# Engine / Transmission query



## HaloPlayer (Jun 22, 2013)

I've been looking around Ebay for a 400 to put in my project. Some of them mention whether they were linked to a manual or an automatic. Does it really make a difference? I thought if you were running an automatic you used a torque converter and if you were using a clutch you just intall the proper flywheel.

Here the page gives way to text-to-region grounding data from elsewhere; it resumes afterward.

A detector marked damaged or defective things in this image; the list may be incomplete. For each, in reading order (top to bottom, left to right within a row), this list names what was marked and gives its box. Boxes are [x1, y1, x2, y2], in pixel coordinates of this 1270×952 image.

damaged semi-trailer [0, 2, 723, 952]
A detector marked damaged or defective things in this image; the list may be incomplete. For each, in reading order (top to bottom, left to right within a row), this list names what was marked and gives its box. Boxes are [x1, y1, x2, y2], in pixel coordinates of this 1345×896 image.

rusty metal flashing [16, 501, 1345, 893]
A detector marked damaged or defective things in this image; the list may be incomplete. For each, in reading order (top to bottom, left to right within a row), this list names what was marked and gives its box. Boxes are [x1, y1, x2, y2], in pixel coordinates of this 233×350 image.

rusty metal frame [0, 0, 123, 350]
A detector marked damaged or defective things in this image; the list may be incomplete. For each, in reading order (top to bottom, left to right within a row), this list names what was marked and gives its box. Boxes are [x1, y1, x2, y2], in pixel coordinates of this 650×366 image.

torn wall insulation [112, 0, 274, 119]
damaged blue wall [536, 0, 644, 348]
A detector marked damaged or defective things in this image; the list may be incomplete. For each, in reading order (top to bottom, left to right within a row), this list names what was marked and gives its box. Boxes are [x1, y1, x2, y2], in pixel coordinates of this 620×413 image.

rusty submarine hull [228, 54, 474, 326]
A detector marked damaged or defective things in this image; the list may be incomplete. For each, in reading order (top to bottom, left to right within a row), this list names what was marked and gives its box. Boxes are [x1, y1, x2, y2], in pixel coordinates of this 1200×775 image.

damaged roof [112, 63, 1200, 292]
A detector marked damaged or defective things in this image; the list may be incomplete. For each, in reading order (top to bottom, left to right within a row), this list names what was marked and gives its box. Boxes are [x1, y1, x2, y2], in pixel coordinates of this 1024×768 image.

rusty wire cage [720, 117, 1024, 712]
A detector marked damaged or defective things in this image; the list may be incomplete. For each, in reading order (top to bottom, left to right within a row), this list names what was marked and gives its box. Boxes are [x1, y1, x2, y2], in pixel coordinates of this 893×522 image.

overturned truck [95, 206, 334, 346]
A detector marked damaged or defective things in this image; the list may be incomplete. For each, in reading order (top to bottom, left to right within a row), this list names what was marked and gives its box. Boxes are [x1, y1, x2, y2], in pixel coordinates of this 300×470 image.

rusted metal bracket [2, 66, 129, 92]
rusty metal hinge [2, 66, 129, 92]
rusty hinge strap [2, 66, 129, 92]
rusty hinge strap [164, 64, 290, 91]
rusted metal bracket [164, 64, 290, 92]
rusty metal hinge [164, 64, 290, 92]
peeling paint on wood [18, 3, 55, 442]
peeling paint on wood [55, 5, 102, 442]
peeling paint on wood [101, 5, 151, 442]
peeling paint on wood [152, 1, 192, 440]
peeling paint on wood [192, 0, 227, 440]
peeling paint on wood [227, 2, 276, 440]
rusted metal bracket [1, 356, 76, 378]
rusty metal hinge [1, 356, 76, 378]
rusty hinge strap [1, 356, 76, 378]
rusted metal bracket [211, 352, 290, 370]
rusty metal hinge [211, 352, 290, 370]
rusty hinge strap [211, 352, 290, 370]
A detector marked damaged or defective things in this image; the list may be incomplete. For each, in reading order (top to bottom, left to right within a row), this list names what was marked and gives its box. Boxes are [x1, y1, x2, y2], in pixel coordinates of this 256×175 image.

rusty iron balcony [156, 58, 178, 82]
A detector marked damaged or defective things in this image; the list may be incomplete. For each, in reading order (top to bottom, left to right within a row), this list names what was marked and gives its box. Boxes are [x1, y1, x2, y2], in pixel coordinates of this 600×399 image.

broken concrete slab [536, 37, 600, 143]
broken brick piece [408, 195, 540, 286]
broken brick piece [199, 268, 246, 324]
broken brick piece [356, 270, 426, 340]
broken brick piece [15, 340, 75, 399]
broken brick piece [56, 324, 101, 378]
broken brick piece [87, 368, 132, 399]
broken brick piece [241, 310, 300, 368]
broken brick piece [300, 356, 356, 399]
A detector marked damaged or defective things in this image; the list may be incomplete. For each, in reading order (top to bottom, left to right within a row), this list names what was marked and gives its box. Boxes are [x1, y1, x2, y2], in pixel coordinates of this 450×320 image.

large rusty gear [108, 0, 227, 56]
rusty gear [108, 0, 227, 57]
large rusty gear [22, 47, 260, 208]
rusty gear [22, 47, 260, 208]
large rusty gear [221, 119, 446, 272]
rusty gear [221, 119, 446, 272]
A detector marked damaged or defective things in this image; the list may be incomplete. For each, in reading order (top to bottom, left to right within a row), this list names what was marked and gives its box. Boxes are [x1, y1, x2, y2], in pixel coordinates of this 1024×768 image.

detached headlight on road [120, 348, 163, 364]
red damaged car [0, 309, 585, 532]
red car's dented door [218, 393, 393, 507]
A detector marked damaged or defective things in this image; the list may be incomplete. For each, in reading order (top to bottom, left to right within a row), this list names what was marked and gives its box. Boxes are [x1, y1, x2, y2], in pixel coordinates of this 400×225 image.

Your thoughts?


----------



## jmt455 (Mar 26, 2012)

If you're restoring a car and looking for correct block codes, it matters.

If it's not a "matching" question, you have a lot of flexibility!

If you're installing an automatic, replace the flywheel with the proper flexplate.

If you're running a manual trans, verify that the crank has been drilled to accept the pilot bushing.

Most Pontiac cranks have a stepped hole to accept the pilot bearing/bushing.

Also; if you get a manual trans engine, make sure the old pilot bushing has been removed before you re-assemble your engine. 
You want to avoid this issue:http://www.gtoforum.com/f50/pilot-bearing-stuck-crank-25621/


----------



## HaloPlayer (Jun 22, 2013)

Ya, I can't afford 'numbers matching' ;-) 

Just checking as I know little to nothing about Pontiac engines and was puzzled by the 'automatic' comment.

Thanks for the response!


----------